> Exercise details
The result should be an exact copy of the data, free of pictures.

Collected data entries
********************

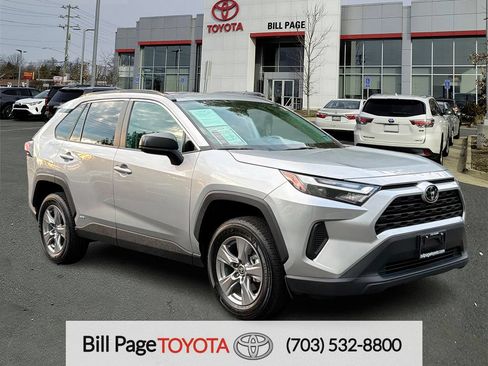 Used 2025 Toyota RAV4 LE AWD/4WD image 1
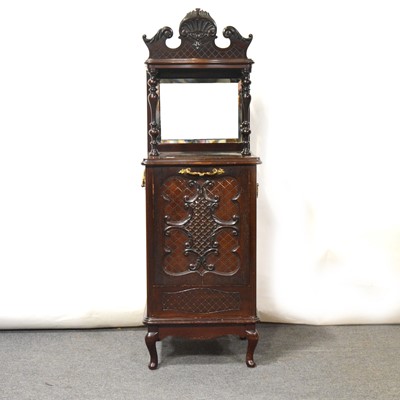 Lot 442 - Victorian mahogany purdonium, carved...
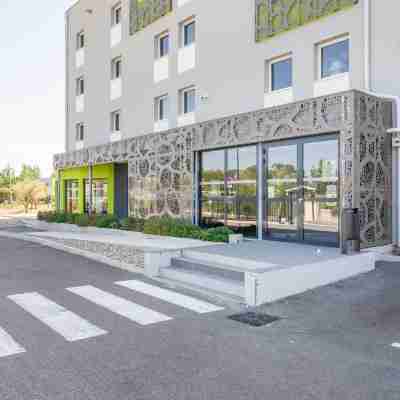 B&B Hotel Saint-Martin-De-Crau Alpilles Camargue Hotel Exterior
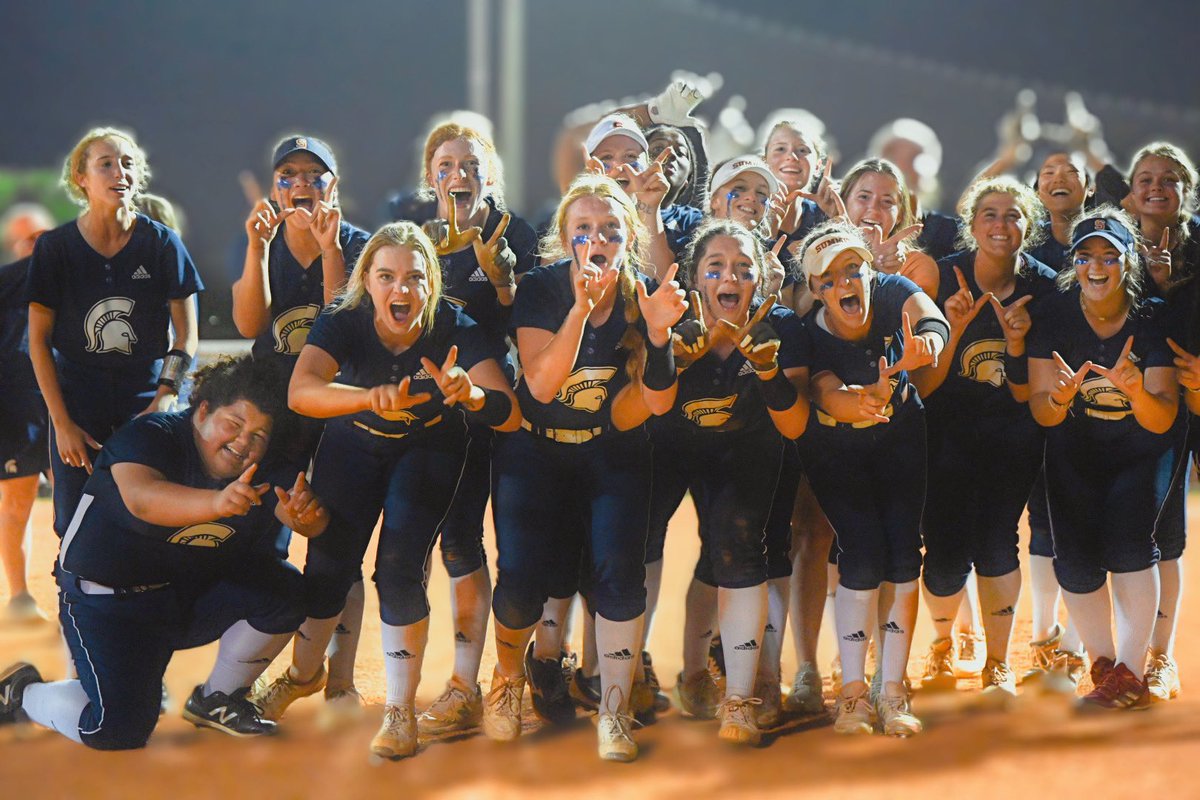 SENIORITY Photo Nashville (@seniorityphoto1) on Twitter photo YOUR SUMMIT SPARTANS ARE GOING TO STATE!!!🥎🏆
<a href="/SummitSpartans1/">Summit Athletics</a> <a href="/wcsSHSsb/">Summit Softball</a> <a href="/LilyR_RHP2022/">Lily Kate Richards</a> <a href="/AshlynEasley_/">Ashlyn Easley</a> <a href="/wcssp/">Park seongsu</a> YOUR SUMMIT SPARTANS ARE GOING TO STATE!!!🥎🏆
<a href="/SummitSpartans1/">Summit Athletics</a> <a href="/wcsSHSsb/">Summit Softball</a> <a href="/LilyR_RHP2022/">Lily Kate Richards</a> <a href="/AshlynEasley_/">Ashlyn Easley</a> <a href="/wcssp/">Park seongsu</a>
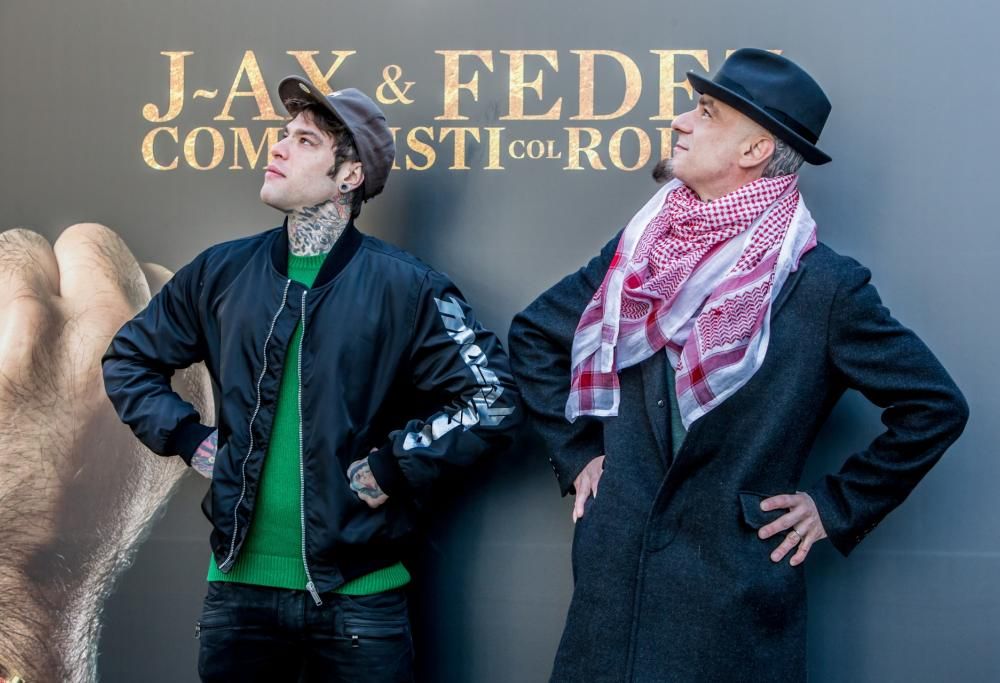 J-Ax e Fedez: col repack di “Comunisti Col Rolex” arrivano anche due party speciali per i fan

********************

> Output of the task
 Used 2025 Toyota RAV4 LE AWD/4WD image 1
 Lot 442 - Victorian mahogany purdonium, carved...
 B&B Hotel Saint-Martin-De-Crau Alpilles Camargue Hotel Exterior
 SENIORITY Photo Nashville (@seniorityphoto1) on Twitter photo YOUR SUMMIT SPARTANS ARE GOING TO STATE!!!🥎🏆
<a href="/SummitSpartans1/">Summit Athletics</a> <a href="/wcsSHSsb/">Summit Softball</a> <a href="/LilyR_RHP2022/">Lily Kate Richards</a> <a href="/AshlynEasley_/">Ashlyn Easley</a> <a href="/wcssp/">Park seongsu</a> YOUR SUMMIT SPARTANS ARE GOING TO STATE!!!🥎🏆
<a href="/SummitSpartans1/">Summit Athletics</a> <a href="/wcsSHSsb/">Summit Softball</a> <a href="/LilyR_RHP2022/">Lily Kate Richards</a> <a href="/AshlynEasley_/">Ashlyn Easley</a> <a href="/wcssp/">Park seongsu</a>
 J-Ax e Fedez: col repack di “Comunisti Col Rolex” arrivano anche due party speciali per i fan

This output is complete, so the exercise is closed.